Southeast Asia continues to be targeted by global financial regulators. The latest red flag has been raised by the European Union which has chosen to keep the Philippines and Cambodia on its list of countries that are struggling to enforce up-to-date anti-money laundering controls and pose a threat to businesses and consumers.
Watch Out for Gamblers from Cambodia and the Philippines
The European Commission updated its list of such countries last week, retaining much of its last assessment. Cambodia had a recent falling out with the United States over comments by the US State Department that the country was failing to maintain tight control over financial transparency.
The EU has reiterated its position towards Cambodia and the Philippines, among others, as countries that have shortcomings in enforcing AML policies. As a result, gaming properties that are based in the European Union would need to be extra cautious when accepting customers from any of the named locations.
Countries such as the Philippines are already on the Financial Action Task Force (FATF) list, which has explained the overall negativity towards Western-led financial sanctions and regimes. However, the EC has confirmed that it would be happy to work with the financial authorities of the countries it has on its list in order to ensure that they are compliant with a global order of things.

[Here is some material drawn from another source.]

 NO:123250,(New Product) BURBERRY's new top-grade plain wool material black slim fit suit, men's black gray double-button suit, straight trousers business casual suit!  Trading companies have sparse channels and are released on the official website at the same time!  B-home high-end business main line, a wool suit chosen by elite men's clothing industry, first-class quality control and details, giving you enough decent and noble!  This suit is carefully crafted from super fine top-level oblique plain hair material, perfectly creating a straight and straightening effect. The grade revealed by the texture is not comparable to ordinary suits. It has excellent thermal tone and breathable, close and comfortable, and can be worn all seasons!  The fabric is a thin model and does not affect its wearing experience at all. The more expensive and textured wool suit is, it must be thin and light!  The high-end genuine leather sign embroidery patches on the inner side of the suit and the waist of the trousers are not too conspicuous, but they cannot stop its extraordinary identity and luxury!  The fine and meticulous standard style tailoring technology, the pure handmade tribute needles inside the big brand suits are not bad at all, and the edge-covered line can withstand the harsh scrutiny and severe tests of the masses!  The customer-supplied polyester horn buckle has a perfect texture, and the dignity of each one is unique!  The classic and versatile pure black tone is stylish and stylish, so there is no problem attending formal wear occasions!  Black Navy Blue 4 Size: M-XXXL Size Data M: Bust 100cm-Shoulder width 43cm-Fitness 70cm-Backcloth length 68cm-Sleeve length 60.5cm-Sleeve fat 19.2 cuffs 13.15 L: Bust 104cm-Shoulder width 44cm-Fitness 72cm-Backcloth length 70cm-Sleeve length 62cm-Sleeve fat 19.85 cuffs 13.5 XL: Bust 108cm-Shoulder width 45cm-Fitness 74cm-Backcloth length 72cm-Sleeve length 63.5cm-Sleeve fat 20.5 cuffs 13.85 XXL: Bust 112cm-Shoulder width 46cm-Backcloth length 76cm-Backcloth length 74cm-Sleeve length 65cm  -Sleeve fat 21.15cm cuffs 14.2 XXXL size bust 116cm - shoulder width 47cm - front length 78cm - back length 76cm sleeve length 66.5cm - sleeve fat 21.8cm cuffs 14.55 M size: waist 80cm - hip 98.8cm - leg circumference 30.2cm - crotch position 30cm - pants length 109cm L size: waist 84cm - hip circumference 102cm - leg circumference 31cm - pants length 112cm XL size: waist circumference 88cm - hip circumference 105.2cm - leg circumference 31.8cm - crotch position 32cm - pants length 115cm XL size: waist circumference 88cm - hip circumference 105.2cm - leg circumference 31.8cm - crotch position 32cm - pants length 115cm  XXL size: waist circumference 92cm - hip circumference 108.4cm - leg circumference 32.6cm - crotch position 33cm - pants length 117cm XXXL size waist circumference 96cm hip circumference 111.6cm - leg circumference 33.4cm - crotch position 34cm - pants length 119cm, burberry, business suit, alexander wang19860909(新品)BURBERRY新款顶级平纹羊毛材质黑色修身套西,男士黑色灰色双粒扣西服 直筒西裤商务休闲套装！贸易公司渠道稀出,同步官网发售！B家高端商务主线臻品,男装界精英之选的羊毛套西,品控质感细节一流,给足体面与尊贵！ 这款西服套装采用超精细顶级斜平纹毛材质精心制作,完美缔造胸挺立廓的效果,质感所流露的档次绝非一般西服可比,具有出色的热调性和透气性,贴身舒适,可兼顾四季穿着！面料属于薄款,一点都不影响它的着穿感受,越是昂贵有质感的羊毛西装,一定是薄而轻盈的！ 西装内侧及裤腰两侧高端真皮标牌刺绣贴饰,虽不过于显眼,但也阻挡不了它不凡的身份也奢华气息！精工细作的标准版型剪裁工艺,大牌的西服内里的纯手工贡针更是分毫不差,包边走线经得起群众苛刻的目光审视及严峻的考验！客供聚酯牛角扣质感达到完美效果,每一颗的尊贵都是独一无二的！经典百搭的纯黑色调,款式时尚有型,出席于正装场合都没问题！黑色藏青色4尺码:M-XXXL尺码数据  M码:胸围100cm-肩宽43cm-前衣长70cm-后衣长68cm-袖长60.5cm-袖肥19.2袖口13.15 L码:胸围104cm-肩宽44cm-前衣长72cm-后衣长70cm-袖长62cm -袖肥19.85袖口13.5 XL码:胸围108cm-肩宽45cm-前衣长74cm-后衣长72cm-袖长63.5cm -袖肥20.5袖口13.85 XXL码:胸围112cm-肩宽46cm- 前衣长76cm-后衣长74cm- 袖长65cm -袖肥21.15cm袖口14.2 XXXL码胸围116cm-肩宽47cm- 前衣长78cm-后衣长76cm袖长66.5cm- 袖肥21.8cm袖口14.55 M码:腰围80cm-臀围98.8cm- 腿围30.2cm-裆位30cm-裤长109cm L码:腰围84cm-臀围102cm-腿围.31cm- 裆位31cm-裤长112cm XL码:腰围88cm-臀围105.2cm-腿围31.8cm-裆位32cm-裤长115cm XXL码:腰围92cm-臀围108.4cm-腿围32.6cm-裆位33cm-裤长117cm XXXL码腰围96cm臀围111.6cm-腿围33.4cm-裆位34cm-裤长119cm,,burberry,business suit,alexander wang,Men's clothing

The Commission further motivated its selection of countries to be put on the list based on comprehensive criteria. This included but wasn’t limited to due diligence measures, various suspicious financial transactions, reports of money laundering, and a country’s own track record with tackling such issues and any documented and provable deficiencies in addressing the problems outlined in the report.
More Needs to Be Done to Address Underlying Issues
The report is carried out once every several years with the next date set for 2025. The Commission is already looking into possible mitigation factors and ways to improve the overall state of money-laundering in each of the named countries. Both the Philippines and Cambodia are some of the biggest countries when it comes to localized gambling, but both countries seem to be firmly embedded on the FATF list.
AML and CFT policies have been failing for both, independent auditors have argued, making the threat of the processing of illegal funds through the gambling industry ever more likely. The Philippines in particular is trying to stem the tide of a crime wave associated with the e-sabong contests in which several police officers have already been implicated.
Meanwhile, Cambodia continues to be cited as a place where human traffickers thrive and prey on victims from the region, forcing them into labor in inhumane conditions and often as part of gambling and telephone scams.